Bailey stressed that the Bank’s position should not be interpreted as a move toward tighter monetary policy. Instead, he pointed to signs that the UK economy and labour market are losing momentum.
“We’ve got a softening economy, so we’re seeing a softening labour market, we’re seeing some softening of activity,” he said, adding that these trends were already evident before tensions in the Gulf intensified.
The Bank faces a difficult balancing act. While weaker economic activity would normally support lower interest rates to stimulate growth, higher oil and gas prices threaten to push inflation upward, making policymakers reluctant to ease borrowing costs too soon.
At its June 18 meeting, the Monetary Policy Committee voted 7-2 to keep interest rates unchanged at 3.75%. Bailey said committee members will reassess the latest economic data when they meet again later this month.
A major concern for policymakers is the possibility that higher energy prices could spread into other parts of the economy. Bailey said the Bank is closely monitoring whether rising fuel costs feed into food prices, wages and broader inflation.
“We’re very focused on the risks of pass-through of the energy prices to indirect effects and the second-round effects,” he said. “We obviously don’t want inflation to become embedded.”
UK inflation stood at 2.8% in May, close to the Bank’s 2% target. However, economists expect inflation to rise again later this year as higher energy costs filter through the economy.
The impact may be delayed because Britain’s household energy price cap is adjusted every three months.

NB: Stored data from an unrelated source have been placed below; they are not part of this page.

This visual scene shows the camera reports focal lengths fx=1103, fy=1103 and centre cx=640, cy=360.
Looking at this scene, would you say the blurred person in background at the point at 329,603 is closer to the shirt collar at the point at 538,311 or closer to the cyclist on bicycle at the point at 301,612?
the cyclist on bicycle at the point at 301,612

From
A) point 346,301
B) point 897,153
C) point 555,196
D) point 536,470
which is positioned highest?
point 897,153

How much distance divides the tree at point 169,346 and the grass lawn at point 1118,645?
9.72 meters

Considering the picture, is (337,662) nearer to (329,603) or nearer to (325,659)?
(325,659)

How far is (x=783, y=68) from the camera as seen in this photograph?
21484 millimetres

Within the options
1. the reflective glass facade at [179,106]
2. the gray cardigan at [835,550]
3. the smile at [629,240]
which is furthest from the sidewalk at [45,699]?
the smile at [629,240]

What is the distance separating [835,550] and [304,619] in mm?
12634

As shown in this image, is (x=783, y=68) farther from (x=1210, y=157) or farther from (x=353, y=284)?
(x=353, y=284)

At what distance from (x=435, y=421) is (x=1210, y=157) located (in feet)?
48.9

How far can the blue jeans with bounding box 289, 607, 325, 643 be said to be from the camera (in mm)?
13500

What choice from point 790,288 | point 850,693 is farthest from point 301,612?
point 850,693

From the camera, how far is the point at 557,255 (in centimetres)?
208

Energy regulator Ofgem increased the annual household price cap by £221 to £1,862 from July 1, with the higher rates remaining in place until the end of September.
For businesses, particularly small and medium-sized enterprises, the Bank’s latest stance means financing costs are likely to remain high while energy bills continue to increase. Companies that had anticipated lower interest rates to ease borrowing expenses may now need to revise their financial plans as policymakers continue to prioritize controlling inflation over supporting cheaper credit.